#### Brief
Set down the lines that begin at the top of the records and end with the line containing "Person Holding Jar", and drop every picture.
(Supplied data Opens)
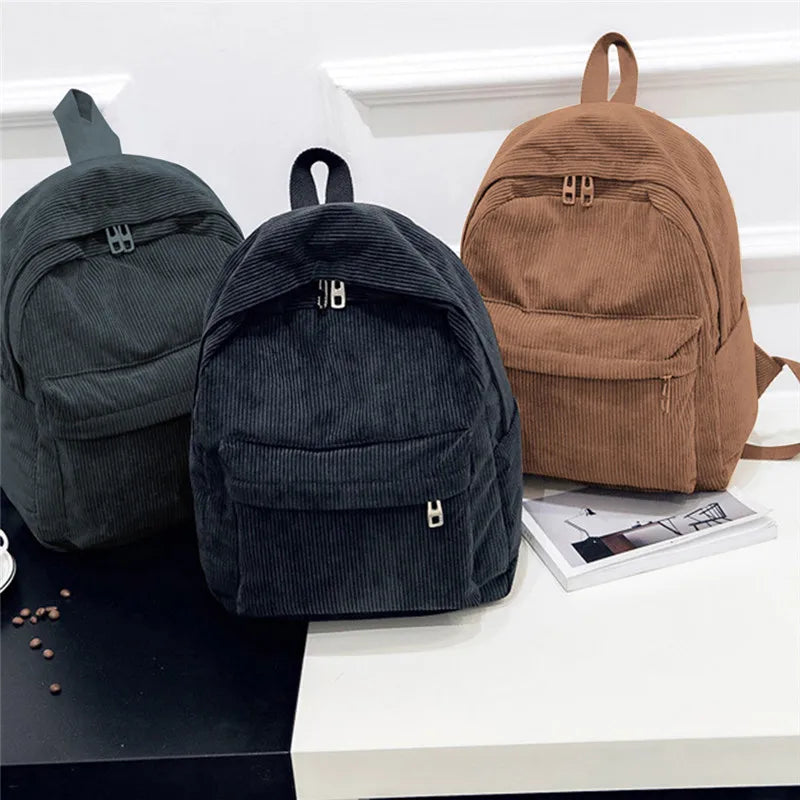 eybag Corduroy Backpack Fashion Women Bookbags Pure Color Shoulder Bag Teenger Girl Travel Bags Female Mochila Striped Rucksack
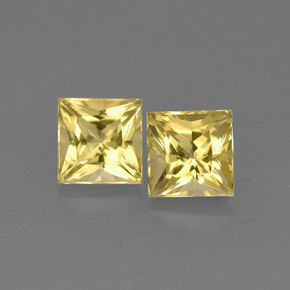 Gemas de berilo amarillo natural de  ct, cuadrado, VS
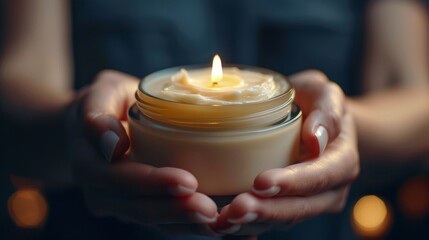 Person Holding Jar With Candle - Powered by Adobe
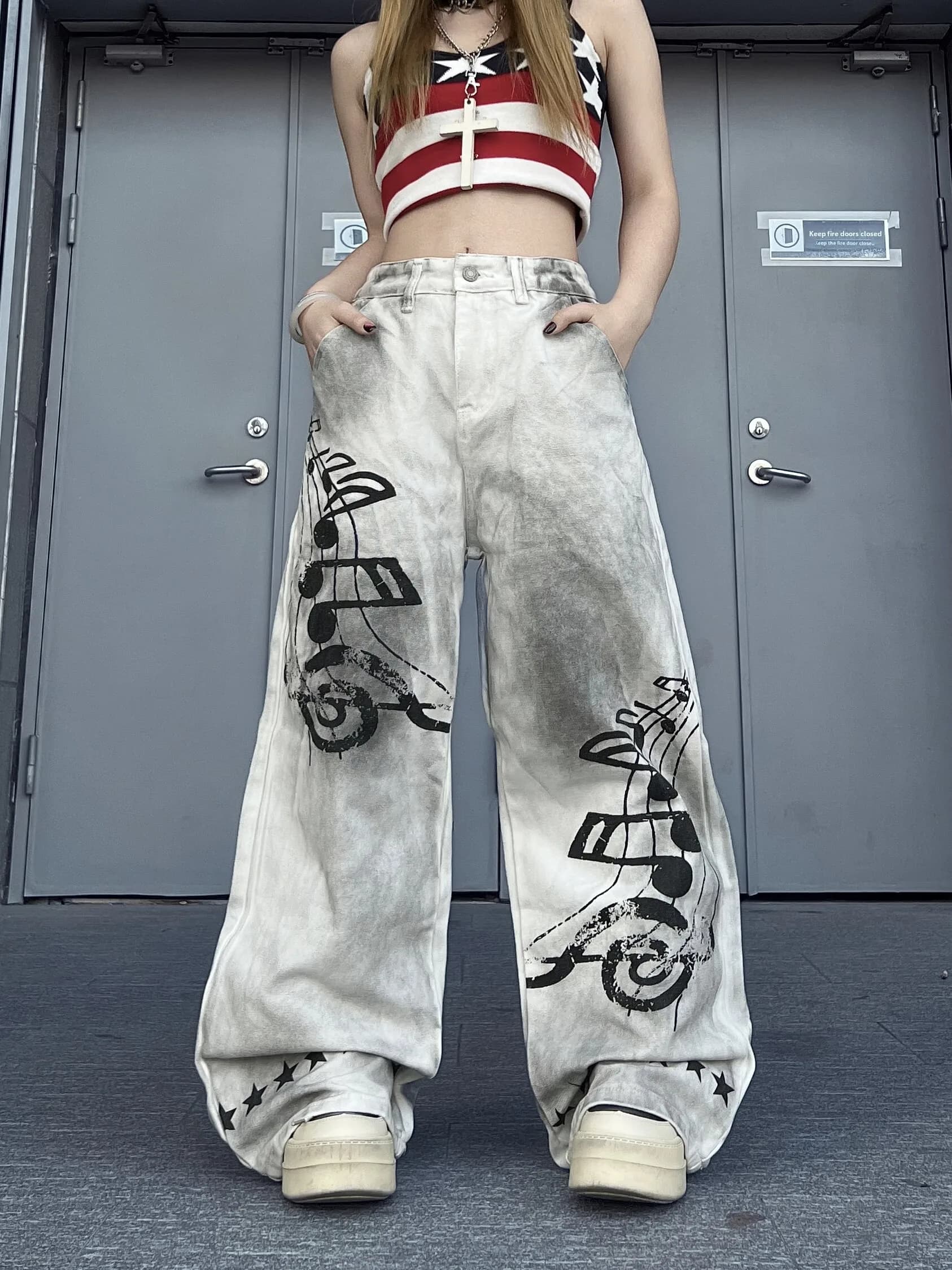 Retro American Street Heavy Work Printed Jeans Men's Loose Wide Leg Floor-Length Trousers Trendy Distressed Denim Jeans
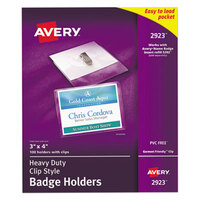 Avery® 2923 4 inch x 3 inch Clear Horizontal Top Clip-Style Badge Holders - 100/Pack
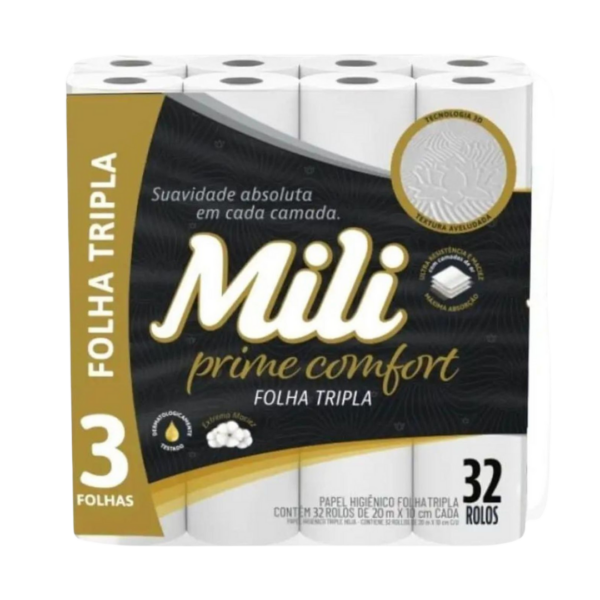 Papel Higiênico Mili Prime Comfort Folha Tripla  C/32 Rolos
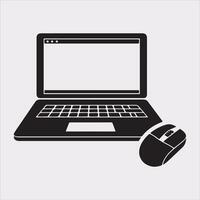 laptop silhouette on White Background vector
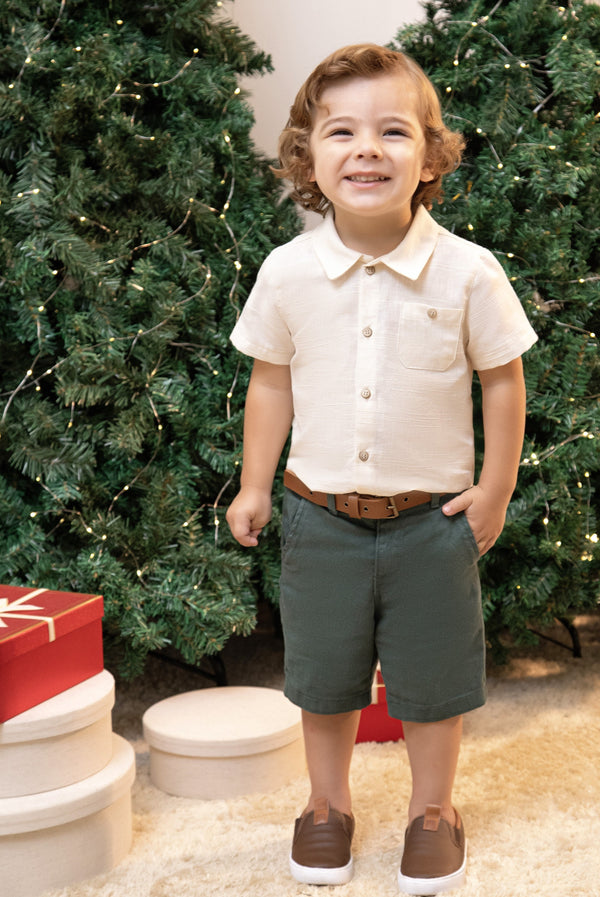 Conjunto Camisa Linho Monet Trabalhado com Detalhe Bolso e Shorts Sarja Color com Cinto Caramelo Paraiso - 18777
(Supplied data Closes)
#### Reply to the task
 eybag Corduroy Backpack Fashion Women Bookbags Pure Color Shoulder Bag Teenger Girl Travel Bags Female Mochila Striped Rucksack
 Gemas de berilo amarillo natural de  ct, cuadrado, VS
 Person Holding Jar With Candle - Powered by Adobe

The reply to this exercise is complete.